I know, I know. The two Brits were only indulging in a bit of mild national stereotyping: Germans are control freaks, Frenchmen are pretentious and chic, and Americans are dim-witted boobs. If it were the Americans who used pictograms, while the rest of the world used text, that too would be adduced as evidence of their dim-wittedness. “Americans – too simple to read four letter words,” Clarkson would declare, and the audience would cackle happily.

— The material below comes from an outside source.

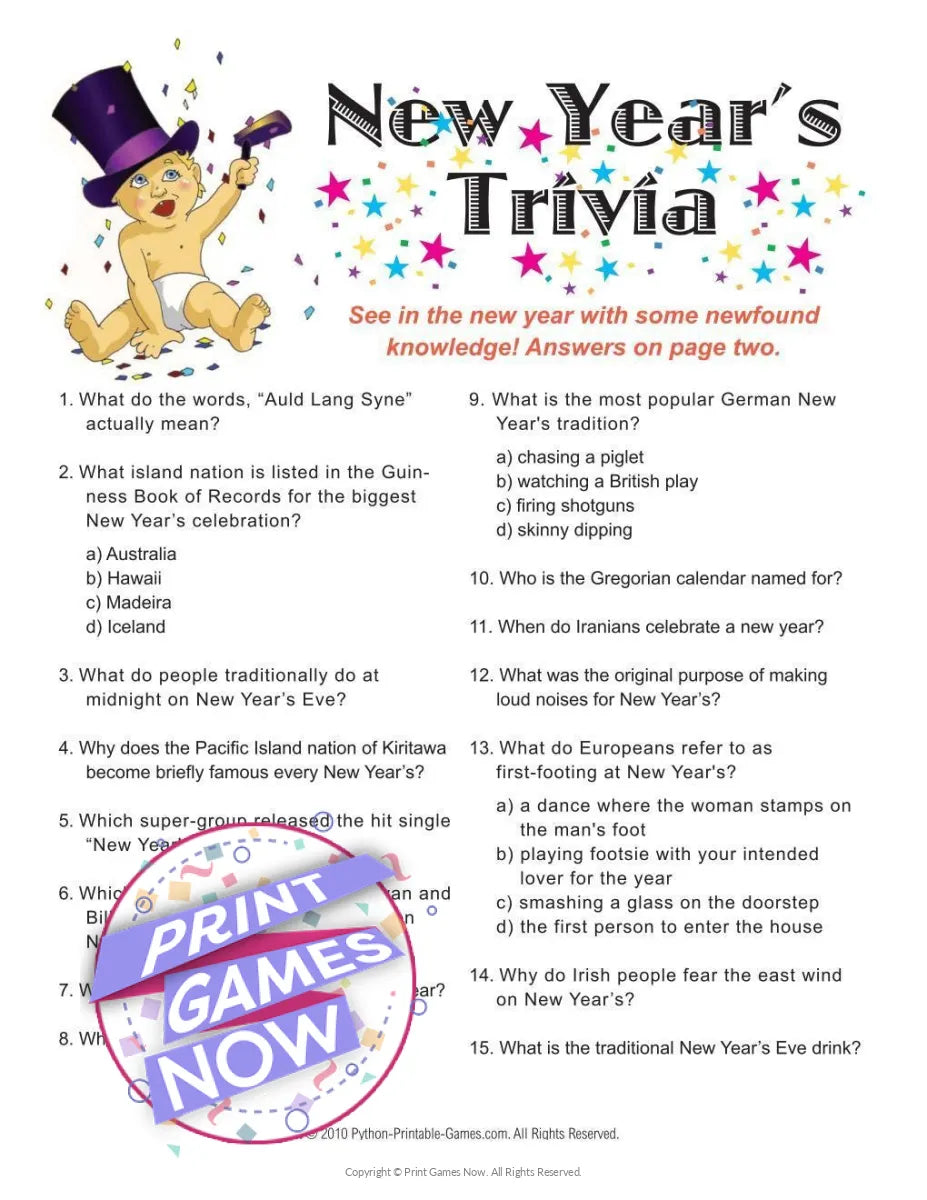 New Years Eve Trivia Party Game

My fellow Canadians are equally happy to pass rude comments about our southern neighbours, and it annoys the hell out of me – especially since, unlike the Brits, proud possessors of a rich and largely self-sufficient national culture, we import most of our TV, movies, music, and literature from the States. That jackass you overheard at Second Cup sneering about Walmart-shopping, Big Mac-addicted American morons probably spent the weekend watching Better Call Saul, listening to Lana Del Rey, and reading Slate.
***
In a recent essay I discussed a very politically incorrect old story by G.K. Chesterton, featuring his amateur sleuth Father Brown.
The story, “The God of the Gongs”, concerns a Jamaican boxer who is secretly the chief priest of a voodoo murder cult. When we first encounter the boxer he’s done up in fancy attire and swanking out the door on his way to a big match. Chesterton comments,
And in the way he carried his cane in one hand and his cigar in the other there was a certain attitude – an attitude we must always remember when we talk of racial prejudices: something innocent and insolent – the cake walk.
This “attitude” is so provoking to Father Brown’s friend and sidekick Flambeau that he comments, “I’m not surprised that they lynch them.” (The priest gently rebukes him.) You see what I mean about the story being politically incorrect.
Anyway, in my earlier essay I glossed over the bit about the cake walk. Nowadays the expression is usually used as a synonym for “a piece of cake” – a task so unchallenging that you don’t even break a sweat.
But it originated as a dance performed by black slaves in the American south, supposedly in mocking imitation of the dances of white folks. These slave dances were organized into contests where the winner would receive a cake.
The dance survived at least into the 1920s – jazz fans may be familiar with the old Louis Armstrong number “Cake Walking Babies From Home”. How well-acquainted an English audience would have been with the cake walk, I’m not sure. I suspect Chesterton used the term to vaguely signify all kinds of energetic black dancing.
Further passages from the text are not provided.